Could you transcribe every record below exactly, leaving out any pictures?

MATERIAL PROVIDED:
###

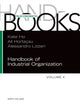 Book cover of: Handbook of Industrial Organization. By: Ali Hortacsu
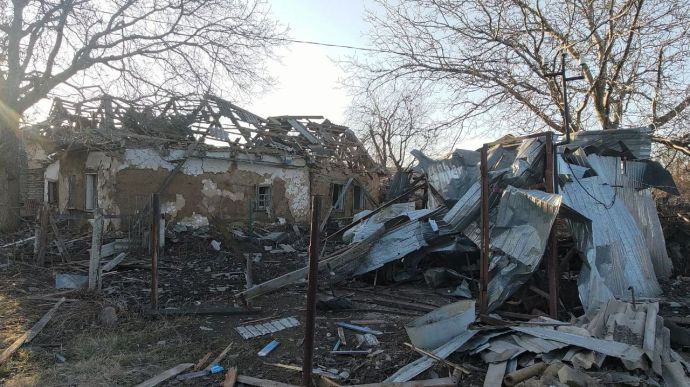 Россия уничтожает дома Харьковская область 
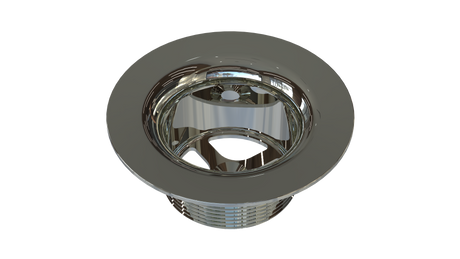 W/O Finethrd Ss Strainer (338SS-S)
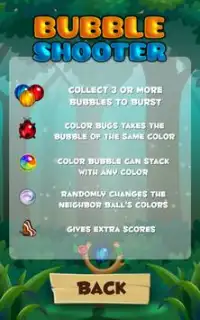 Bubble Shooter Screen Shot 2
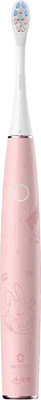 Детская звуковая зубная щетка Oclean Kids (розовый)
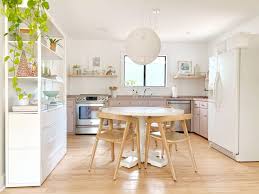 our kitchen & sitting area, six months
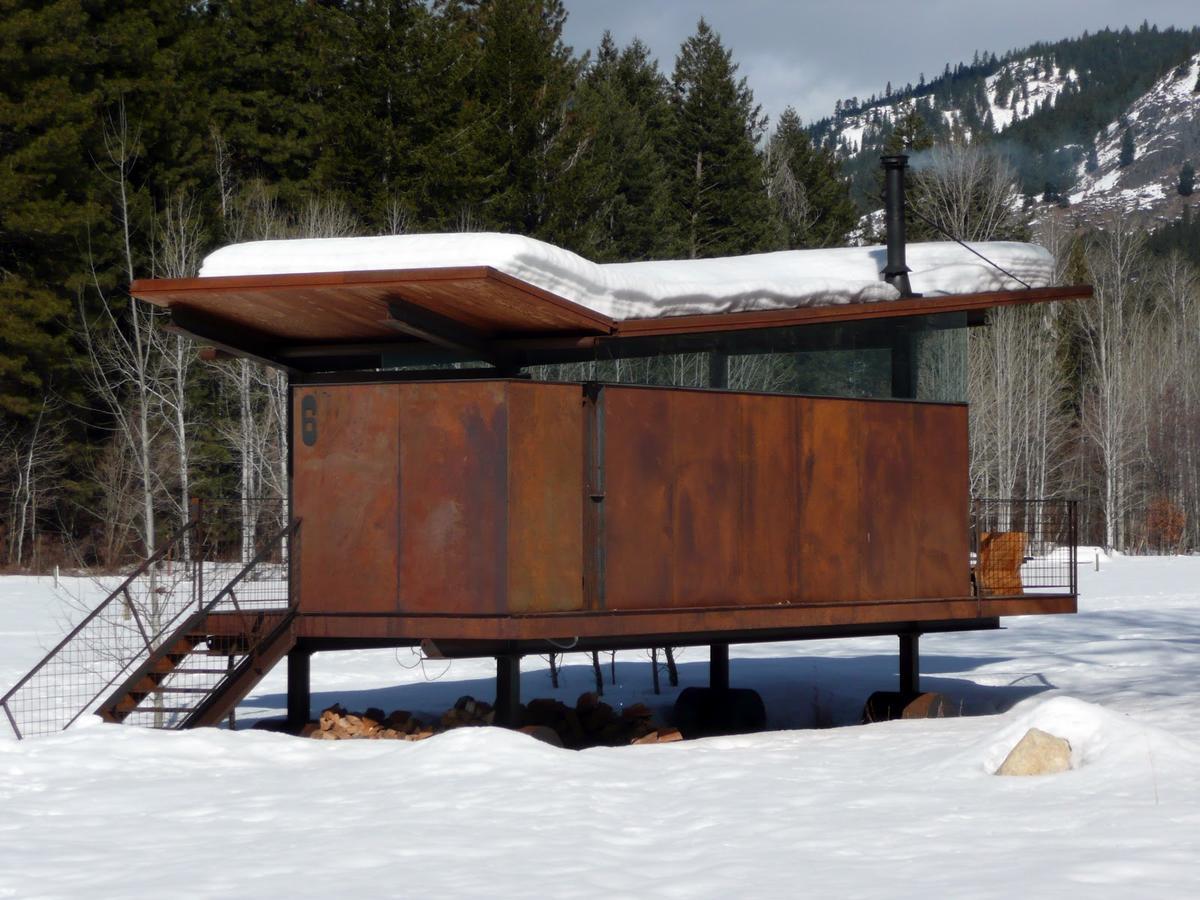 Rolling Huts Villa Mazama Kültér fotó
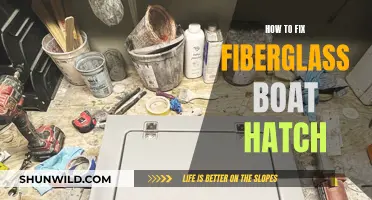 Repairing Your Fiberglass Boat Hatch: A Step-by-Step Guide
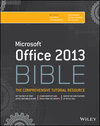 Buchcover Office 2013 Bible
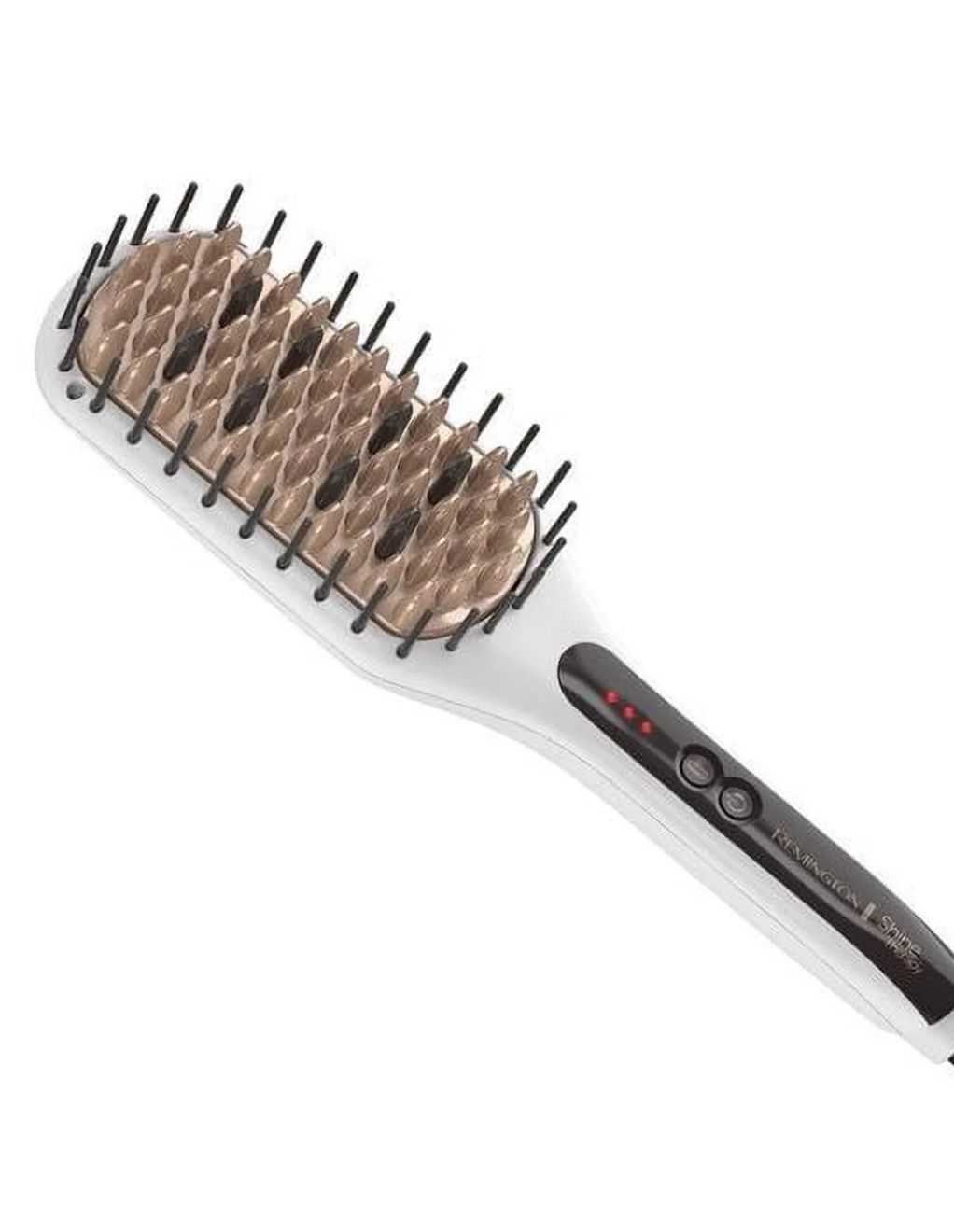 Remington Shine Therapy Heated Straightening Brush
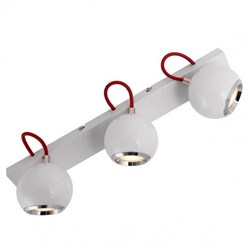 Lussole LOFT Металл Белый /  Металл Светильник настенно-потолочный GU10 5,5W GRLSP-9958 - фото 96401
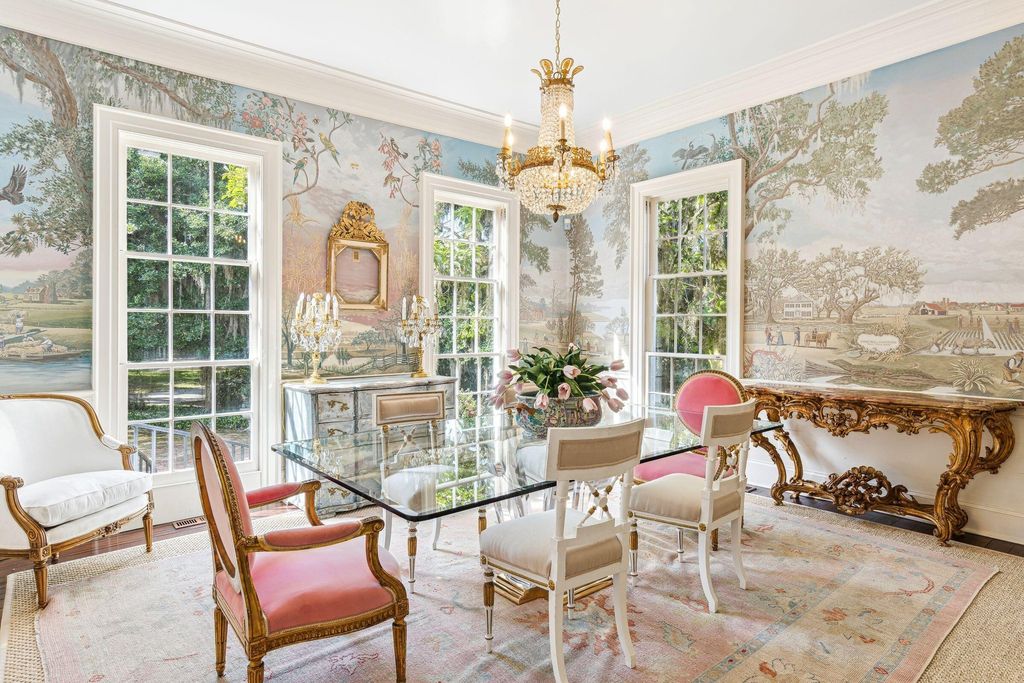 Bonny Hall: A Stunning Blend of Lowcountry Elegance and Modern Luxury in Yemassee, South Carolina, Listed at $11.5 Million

###

TASK ANSWER:
 Book cover of: Handbook of Industrial Organization. By: Ali Hortacsu
 Россия уничтожает дома Харьковская область 
 W/O Finethrd Ss Strainer (338SS-S)
 Bubble Shooter Screen Shot 2
 Детская звуковая зубная щетка Oclean Kids (розовый)
 our kitchen & sitting area, six months
 Rolling Huts Villa Mazama Kültér fotó
 Repairing Your Fiberglass Boat Hatch: A Step-by-Step Guide
 Buchcover Office 2013 Bible
 Remington Shine Therapy Heated Straightening Brush
 Lussole LOFT Металл Белый /  Металл Светильник настенно-потолочный GU10 5,5W GRLSP-9958 - фото 96401
 Bonny Hall: A Stunning Blend of Lowcountry Elegance and Modern Luxury in Yemassee, South Carolina, Listed at $11.5 Million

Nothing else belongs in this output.